I continue to be amazed at the blind determination with which Federated is moving forward in Chicago, along with the wildly conflicting promotional strategy it’s been using for the past 6 months. The incessant mailings “to Marshall Field’s preferred customers,” the “13-hour sales” (the name of which is so closely identified with Field’s), the non-stop TV ads, the branding of the MF name and logo on cheap merchandise–all of this puts the Marshall Field’s name continuously in front of enraged Chicagoans; and, as all these antics continue, the plan remains the same: no matter how Chicagoans feel about it, Macy’s will rule!! What can Mr. Lundgren be thinking?

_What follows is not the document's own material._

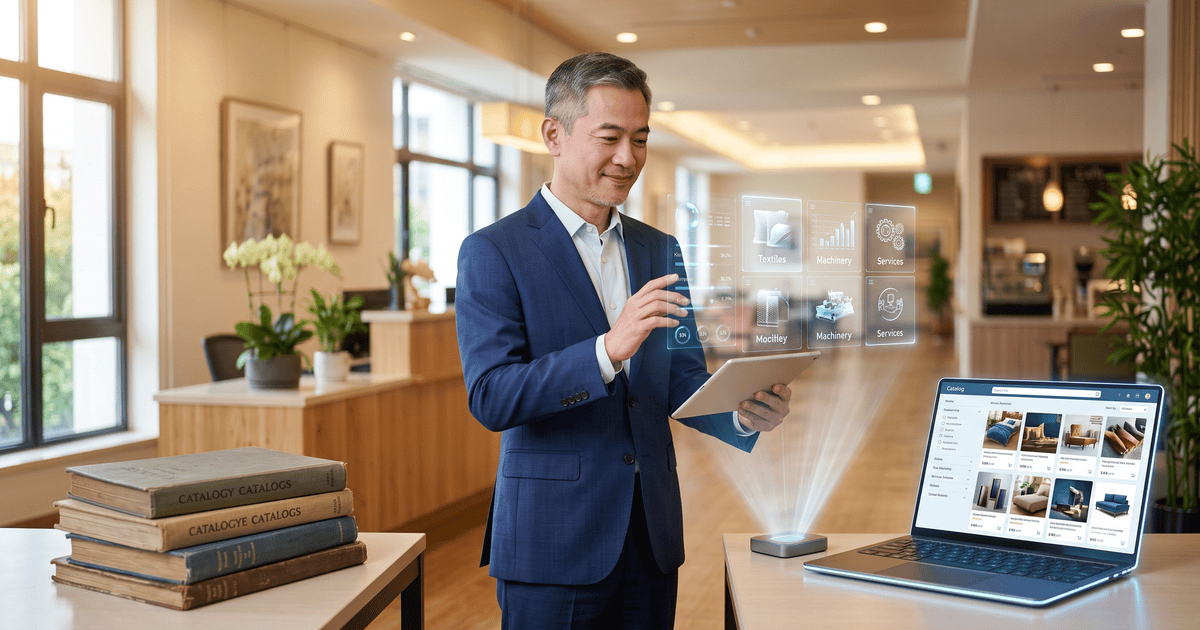 商品型錄網站怎麼做？2026 企業數位型錄完整指南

Just a crumb would have done it for most Chicagoans…keeping the Marshall Field’s name on the flagship location and changing the rest, or perhaps combining the two names, Macy’s and Field’s, in some way, but NO! NO! NO! Federated will have its way! Surely this is not the method by which a business generates positive relationships.

Mark Burr
Guest
14 years 10 months ago

The answer is really and quite completely NO. What is required is creating a place that is so exciting and so unexpectedly great that Chicagoans can’t but help shop there. The approach that’s being taken sounds to me like giving a great dane a small size milk bone and expecting it to be satisfied.

Of course, you could introduce a loyalty card. Yeah, why not? Couldn’t hurt – could it? Then again, you could hire some high priced consultants to come up with a gimmick. Might help – wouldn’t it? It couldn’t be any more blunderous than what Federated has done so far.

The future of the ‘department store’ continues to look bleak. But then again, there’s still room for Martha Stewart to come in and save the day! That also might be what they’ve been asking for… a few more downtown outlets for MSO products?

Art Williams
Guest
Art Williams
14 years 10 months ago

I agree that Federated will get what it wants, another Macy’s store in another city. It will not get the loyal following of Marshall Field’s, because, based on their decisions, that is not what they want. It would seem like their investment would have more value if they retained the majority of the former customers, but maybe having all stores and labels alike is more important to them. It will make management and merchandising decisions easier to make from New York, but maybe not explaining profit variances?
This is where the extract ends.